= Source material =
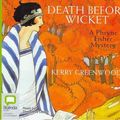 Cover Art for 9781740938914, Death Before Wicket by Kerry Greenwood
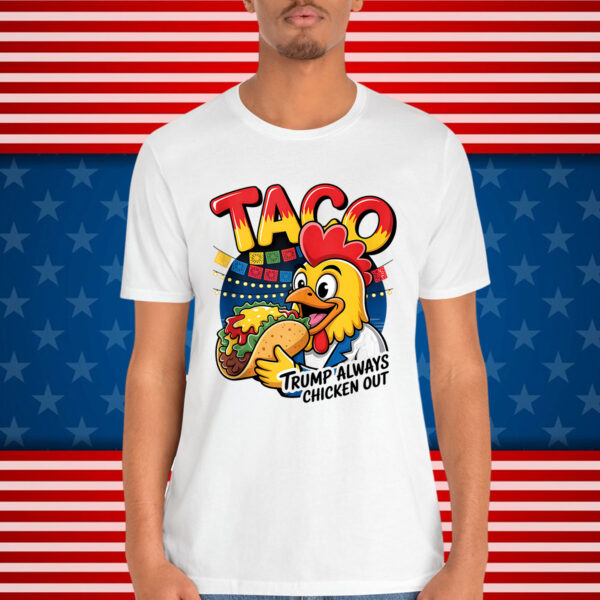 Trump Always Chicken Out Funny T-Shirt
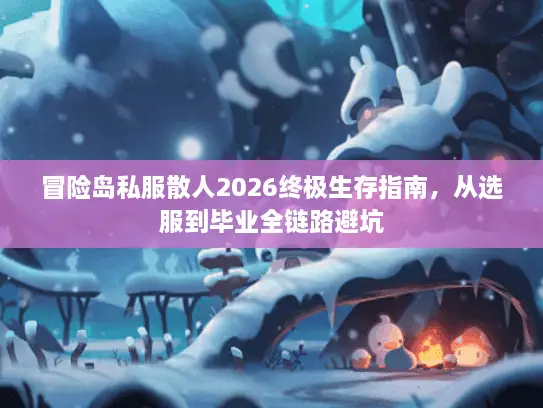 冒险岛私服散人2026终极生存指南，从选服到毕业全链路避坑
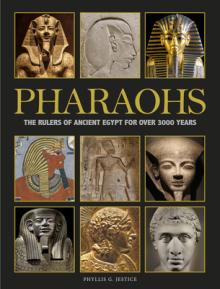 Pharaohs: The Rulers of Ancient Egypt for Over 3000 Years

= What you are asked to do =
Print the listing verbatim; no pictures.

= Your response =
 Cover Art for 9781740938914, Death Before Wicket by Kerry Greenwood
 Trump Always Chicken Out Funny T-Shirt
 冒险岛私服散人2026终极生存指南，从选服到毕业全链路避坑
 Pharaohs: The Rulers of Ancient Egypt for Over 3000 Years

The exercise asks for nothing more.